Вот и отлично! чувствую пора уже заводить коробку для писем :Smile:  я отправлю   в эти выходные!

----------


## Адольф

Завтра бегу за конвертами)

----------


## Fallen

> Вот и отлично! чувствую пора уже заводить коробку для писем я отправлю   в эти выходные!


 честно говоря я не знаю о чем тебе писать. Мы за вечер в скайпе наболтаем больше, чем я с иным человеком за год поговорю) разве что правда открытку какую-то)
хотя идея хорошая, мне нравится, был опыт, довольно обширный по молодости. Всё сжег. Да, в минуты душевного кризиса импульсивность временами берет верх)

----------


## Мара

> честно говоря я не знаю о чем тебе писать.


 а ты попробуй, но мне будет приятно и открытку получить, с вашим парком например, или даже сделанное тобой фото...
можешь не мне, а девченкам написать)) :Smile:

----------


## Fallen

> а ты попробуй, но мне будет приятно и открытку получить, с вашим парком например, или даже сделанное тобой фото...
> можешь не мне, а девченкам написать))


 ммм.. уговорила)
и девочкам тоже могу, почему бы и нет  :Smile:

----------


## Stille

Мара, Адольф, спасибо. Буду ждать)

----------


## yourschizophrenia

> г.
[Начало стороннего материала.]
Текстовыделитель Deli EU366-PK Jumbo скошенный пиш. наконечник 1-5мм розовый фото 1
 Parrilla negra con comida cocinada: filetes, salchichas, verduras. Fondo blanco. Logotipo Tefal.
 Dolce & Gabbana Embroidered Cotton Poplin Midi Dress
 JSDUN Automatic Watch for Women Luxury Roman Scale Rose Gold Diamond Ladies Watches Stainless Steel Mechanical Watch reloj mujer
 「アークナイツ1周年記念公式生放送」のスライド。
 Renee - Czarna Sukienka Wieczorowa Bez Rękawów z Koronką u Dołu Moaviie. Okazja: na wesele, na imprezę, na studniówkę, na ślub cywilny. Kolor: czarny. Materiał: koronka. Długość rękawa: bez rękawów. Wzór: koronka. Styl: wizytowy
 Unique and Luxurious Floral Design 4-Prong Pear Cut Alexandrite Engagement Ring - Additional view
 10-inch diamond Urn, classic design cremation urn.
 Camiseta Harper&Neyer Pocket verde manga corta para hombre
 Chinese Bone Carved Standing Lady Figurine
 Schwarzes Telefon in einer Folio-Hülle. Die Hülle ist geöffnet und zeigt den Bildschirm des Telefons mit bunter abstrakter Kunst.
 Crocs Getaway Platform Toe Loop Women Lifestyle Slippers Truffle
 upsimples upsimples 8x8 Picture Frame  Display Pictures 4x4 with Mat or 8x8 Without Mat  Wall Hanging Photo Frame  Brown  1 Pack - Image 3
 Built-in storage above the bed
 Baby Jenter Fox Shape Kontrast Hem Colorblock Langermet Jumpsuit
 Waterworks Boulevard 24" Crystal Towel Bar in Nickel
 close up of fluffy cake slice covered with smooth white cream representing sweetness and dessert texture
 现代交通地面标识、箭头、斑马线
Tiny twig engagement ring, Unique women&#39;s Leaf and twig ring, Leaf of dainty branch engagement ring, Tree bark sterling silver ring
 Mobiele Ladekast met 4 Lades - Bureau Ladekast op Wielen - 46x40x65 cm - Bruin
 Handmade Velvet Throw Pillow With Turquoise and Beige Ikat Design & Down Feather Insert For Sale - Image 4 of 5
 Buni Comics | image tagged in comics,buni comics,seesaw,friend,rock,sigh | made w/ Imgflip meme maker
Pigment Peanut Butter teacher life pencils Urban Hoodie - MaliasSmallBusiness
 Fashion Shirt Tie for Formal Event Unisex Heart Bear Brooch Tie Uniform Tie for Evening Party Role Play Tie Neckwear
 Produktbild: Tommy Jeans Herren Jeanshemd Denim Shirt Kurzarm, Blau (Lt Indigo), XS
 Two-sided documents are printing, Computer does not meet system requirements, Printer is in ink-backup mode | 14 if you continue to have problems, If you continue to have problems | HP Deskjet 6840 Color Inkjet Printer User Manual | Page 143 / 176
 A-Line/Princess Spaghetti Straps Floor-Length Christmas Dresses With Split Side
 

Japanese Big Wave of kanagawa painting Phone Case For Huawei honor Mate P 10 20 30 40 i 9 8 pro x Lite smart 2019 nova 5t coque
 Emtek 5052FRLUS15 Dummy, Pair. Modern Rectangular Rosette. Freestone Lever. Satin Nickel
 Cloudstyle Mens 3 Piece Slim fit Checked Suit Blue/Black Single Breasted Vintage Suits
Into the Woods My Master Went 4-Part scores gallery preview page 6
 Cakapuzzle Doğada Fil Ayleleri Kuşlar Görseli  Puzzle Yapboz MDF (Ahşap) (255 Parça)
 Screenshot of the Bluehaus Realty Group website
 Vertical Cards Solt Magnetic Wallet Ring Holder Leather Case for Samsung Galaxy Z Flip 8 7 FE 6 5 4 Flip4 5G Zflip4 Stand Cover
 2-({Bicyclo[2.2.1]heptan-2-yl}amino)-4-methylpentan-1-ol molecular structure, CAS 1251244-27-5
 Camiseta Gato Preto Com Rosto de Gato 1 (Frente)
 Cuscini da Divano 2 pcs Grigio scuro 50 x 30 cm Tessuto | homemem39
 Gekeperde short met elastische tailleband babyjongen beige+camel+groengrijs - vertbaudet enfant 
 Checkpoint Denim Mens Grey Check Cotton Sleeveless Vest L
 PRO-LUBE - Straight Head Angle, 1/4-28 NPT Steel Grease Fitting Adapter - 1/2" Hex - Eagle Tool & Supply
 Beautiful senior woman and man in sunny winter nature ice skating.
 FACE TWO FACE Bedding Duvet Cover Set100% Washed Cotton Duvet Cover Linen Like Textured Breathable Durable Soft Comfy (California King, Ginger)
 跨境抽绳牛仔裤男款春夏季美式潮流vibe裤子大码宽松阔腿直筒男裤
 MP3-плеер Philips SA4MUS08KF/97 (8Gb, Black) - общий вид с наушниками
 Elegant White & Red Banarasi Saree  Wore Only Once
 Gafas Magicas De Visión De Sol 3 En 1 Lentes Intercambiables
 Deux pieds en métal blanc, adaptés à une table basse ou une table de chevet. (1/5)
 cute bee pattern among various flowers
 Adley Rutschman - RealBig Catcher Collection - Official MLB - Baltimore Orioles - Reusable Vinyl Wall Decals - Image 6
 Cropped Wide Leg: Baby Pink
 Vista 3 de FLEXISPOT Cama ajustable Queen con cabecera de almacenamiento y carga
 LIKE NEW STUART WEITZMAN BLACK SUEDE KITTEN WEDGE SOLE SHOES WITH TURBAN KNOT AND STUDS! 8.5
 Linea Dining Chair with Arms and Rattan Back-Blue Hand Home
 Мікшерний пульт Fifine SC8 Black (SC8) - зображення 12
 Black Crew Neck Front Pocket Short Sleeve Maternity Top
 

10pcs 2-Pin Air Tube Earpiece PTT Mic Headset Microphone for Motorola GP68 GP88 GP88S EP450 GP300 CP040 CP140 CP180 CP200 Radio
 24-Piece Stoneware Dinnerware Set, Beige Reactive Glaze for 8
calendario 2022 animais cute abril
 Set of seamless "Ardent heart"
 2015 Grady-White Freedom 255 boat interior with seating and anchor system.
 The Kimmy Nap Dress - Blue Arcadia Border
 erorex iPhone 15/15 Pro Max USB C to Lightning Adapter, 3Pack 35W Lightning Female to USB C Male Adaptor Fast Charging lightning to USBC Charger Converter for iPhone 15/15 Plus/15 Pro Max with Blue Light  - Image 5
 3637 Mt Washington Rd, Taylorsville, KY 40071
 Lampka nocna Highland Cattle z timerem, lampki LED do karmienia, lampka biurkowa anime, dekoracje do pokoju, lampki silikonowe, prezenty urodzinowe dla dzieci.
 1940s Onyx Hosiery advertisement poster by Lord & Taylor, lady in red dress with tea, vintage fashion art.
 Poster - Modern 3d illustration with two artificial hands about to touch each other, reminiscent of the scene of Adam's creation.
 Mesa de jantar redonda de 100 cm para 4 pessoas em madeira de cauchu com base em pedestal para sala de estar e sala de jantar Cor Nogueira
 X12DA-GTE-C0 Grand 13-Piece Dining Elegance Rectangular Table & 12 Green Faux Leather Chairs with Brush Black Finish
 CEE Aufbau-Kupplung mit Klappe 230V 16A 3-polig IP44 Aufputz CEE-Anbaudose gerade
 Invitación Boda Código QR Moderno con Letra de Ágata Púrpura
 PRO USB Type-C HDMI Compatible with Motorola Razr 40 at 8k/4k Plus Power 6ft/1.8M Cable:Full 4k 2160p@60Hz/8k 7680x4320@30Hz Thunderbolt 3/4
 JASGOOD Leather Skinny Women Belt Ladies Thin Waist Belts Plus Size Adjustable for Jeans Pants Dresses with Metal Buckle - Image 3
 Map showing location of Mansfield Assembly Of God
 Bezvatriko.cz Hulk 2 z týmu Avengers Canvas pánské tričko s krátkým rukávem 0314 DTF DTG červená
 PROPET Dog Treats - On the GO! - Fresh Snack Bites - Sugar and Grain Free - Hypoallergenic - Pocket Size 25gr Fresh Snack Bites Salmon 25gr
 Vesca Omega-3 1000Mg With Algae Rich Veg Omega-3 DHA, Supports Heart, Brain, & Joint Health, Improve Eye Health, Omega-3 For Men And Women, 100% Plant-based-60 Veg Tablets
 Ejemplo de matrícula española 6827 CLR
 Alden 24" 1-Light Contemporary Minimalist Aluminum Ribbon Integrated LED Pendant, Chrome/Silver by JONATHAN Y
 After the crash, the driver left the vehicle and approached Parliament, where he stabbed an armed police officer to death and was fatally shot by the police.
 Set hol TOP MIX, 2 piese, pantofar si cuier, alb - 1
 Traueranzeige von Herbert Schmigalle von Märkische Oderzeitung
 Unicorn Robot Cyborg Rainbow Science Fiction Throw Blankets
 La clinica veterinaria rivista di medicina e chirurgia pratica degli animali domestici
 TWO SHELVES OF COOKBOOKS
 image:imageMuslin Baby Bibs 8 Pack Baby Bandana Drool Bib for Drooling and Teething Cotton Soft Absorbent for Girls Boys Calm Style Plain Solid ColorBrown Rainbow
Брянск ул.Нахимова д. 114 кв. 74
> почтовый индекс - 241014
> на имя - Нестеровой Маргариты
> Буду рада любым письмам и на всё отвечу


 может и я напишу) если придумаю что написать...) письма - это чудесно, но писать их я не очень-то умею.

----------


## Stille

> может и я напишу) если придумаю что написать...) письма - это чудесно, но писать их я не очень-то умею.


 Да тут необязательно уметь) Хоть что-нибудь, пару строк.  :Smile:

----------


## yourschizophrenia

> Да тут необязательно уметь) Хоть что-нибудь, пару строк.


 ну пару строк же неинтересно наверное читать будет)
но я что-нибудь попробую придумать)

----------


## Stille

> ну пару строк же неинтересно наверное читать будет)
> но я что-нибудь попробую придумать)


 Хорошо, спасибо)

----------


## inside me

А что, правда, неплохая идея организовать переписку. А то все тут, наверное, уже и писать разучились с этим интернетом((
Я бы тоже написала что-нибудь, да мне вот не придумать. Просто нечего написать... И почерк у меня корявый и непонятный.

----------


## Мара

было бы желание) для начала можно отправить открытки с несколькими строками...а потом видно будет
присоединяйся :Smile:

----------


## inside me

Нуу...по-моему, как-то не хорошо заставлять человека ждать из-за пары строк. Если и писать, так нормальное письмо.

----------


## Игорёк

Для начала письменной переписки, или каких-нибудь других материальных пересылок, надо знать информацию о человеке, о его жизни проблеме характере. Для этого как минимум должна быть тема с его историей, и какая-то личная переписка по инету. Необходимо чтоб возникло минимальное доверие.

----------


## Мара

> Для начала письменной переписки, или каких-нибудь других материальных пересылок, надо знать информацию о человеке, о его жизни проблеме характере.


 Да, я отчасти соглашусь с тобой...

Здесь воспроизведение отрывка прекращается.